Instructions for the task>
Keep images out and repeat all data exactly.

Information shown>
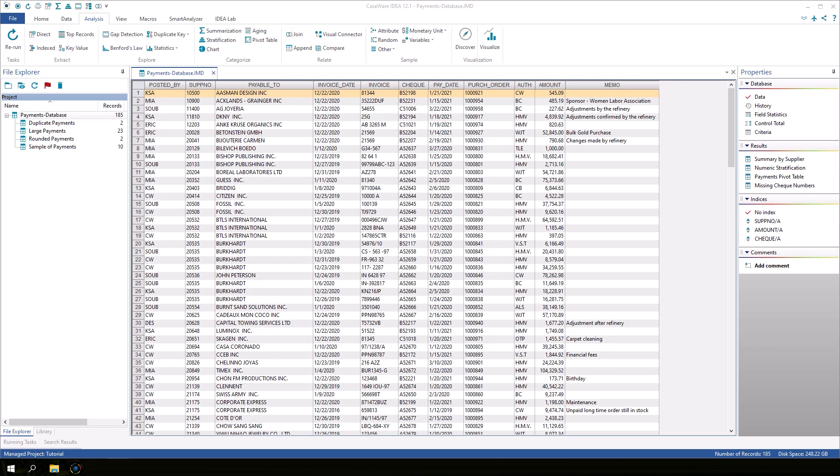Previously we looked at importing data from an Excel file into IDEA. Now we will look at how to import data from a text file. The import process begins the same way.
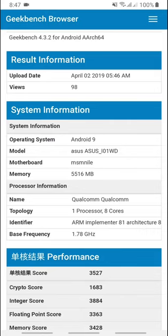The model is L01WD. The memory is 5,560 MB, which is roughly 6 GB.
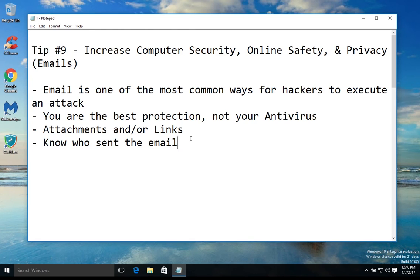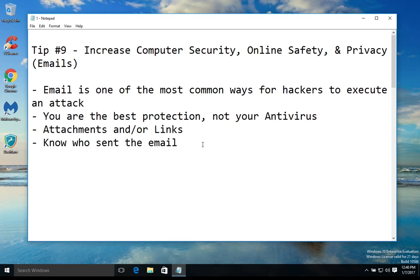If the email is from someone that you know, then you know it's safer. You can even call or verify with them to make sure. A lot of people don't understand that you can contact the sender and ask them if they sent you something to verify before you even open it. If you cannot verify who it came from, just go ahead and delete the email.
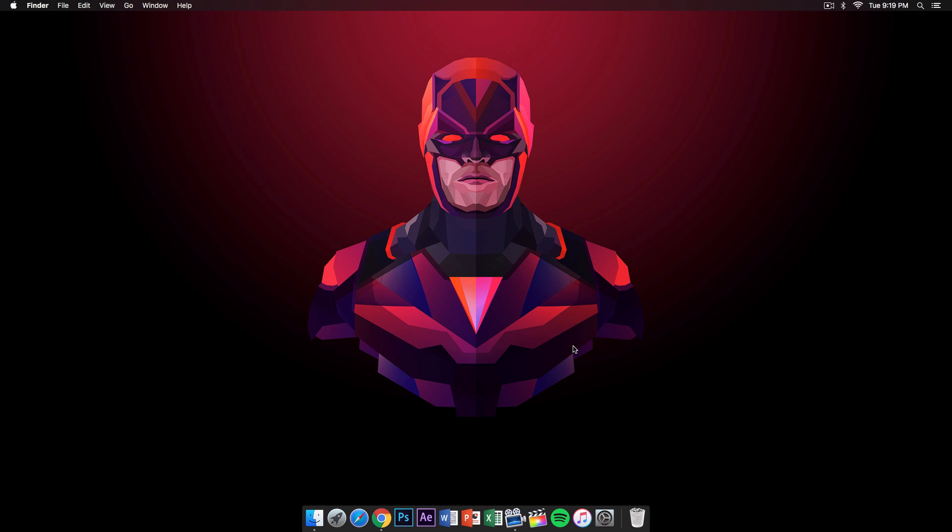Yo what's going on guys, it's KingTutsPro and welcome back to another video. In today's video this is gonna be a really quick tutorial. I get this question asked a lot, and that is how you get the menu bar on the top—this is for Mac of course—but how do you get the top menu bar dark just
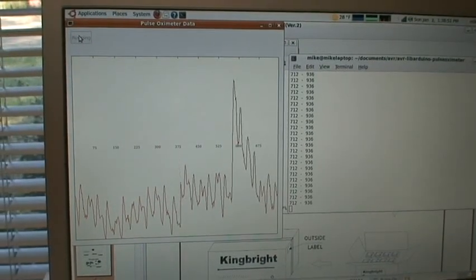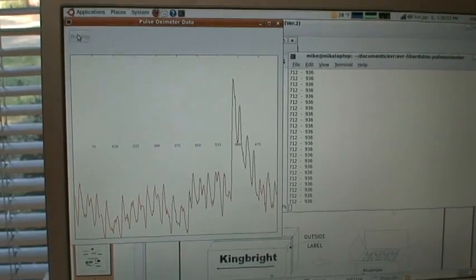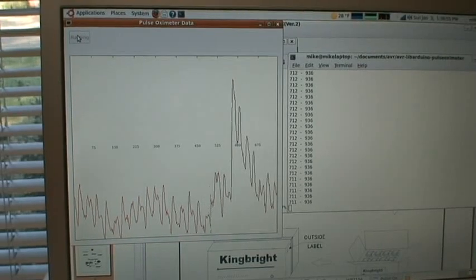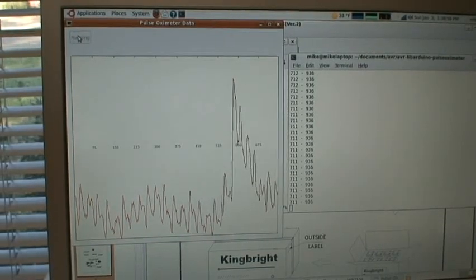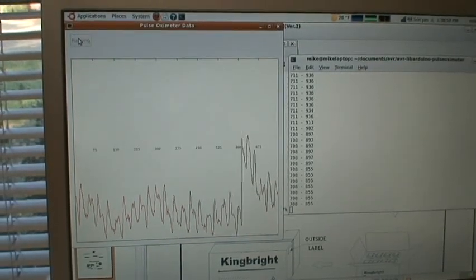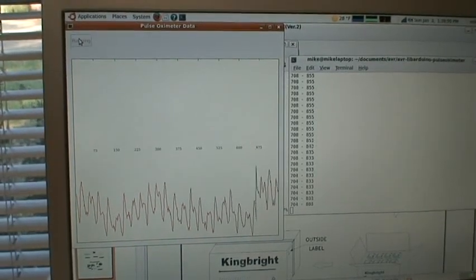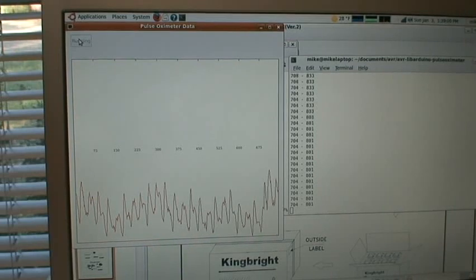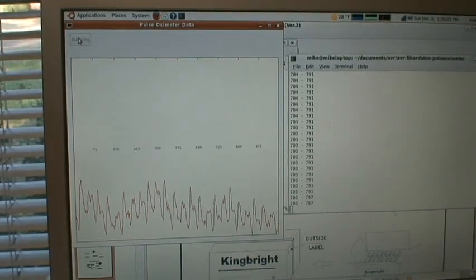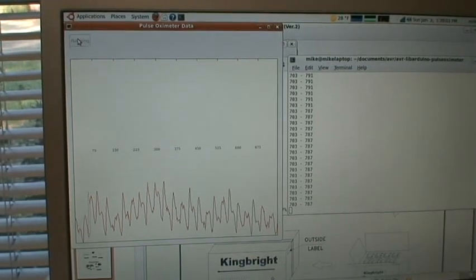So what you're looking at right now is a graph of the light absorption from a red LED. As you can see, as my heart pumps blood through my body and into my finger, you can see that change over time and you can see my heartbeat.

Written solution>
Previously we looked at importing data from an Excel file into IDEA. Now we will look at how to import data from a text file. The import process begins the same way.
The model is L01WD. The memory is 5,560 MB, which is roughly 6 GB.
If the email is from someone that you know, then you know it's safer. You can even call or verify with them to make sure. A lot of people don't understand that you can contact the sender and ask them if they sent you something to verify before you even open it. If you cannot verify who it came from, just go ahead and delete the email.
Yo what's going on guys, it's KingTutsPro and welcome back to another video. In today's video this is gonna be a really quick tutorial. I get this question asked a lot, and that is how you get the menu bar on the top—this is for Mac of course—but how do you get the top menu bar dark just
So what you're looking at right now is a graph of the light absorption from a red LED. As you can see, as my heart pumps blood through my body and into my finger, you can see that change over time and you can see my heartbeat.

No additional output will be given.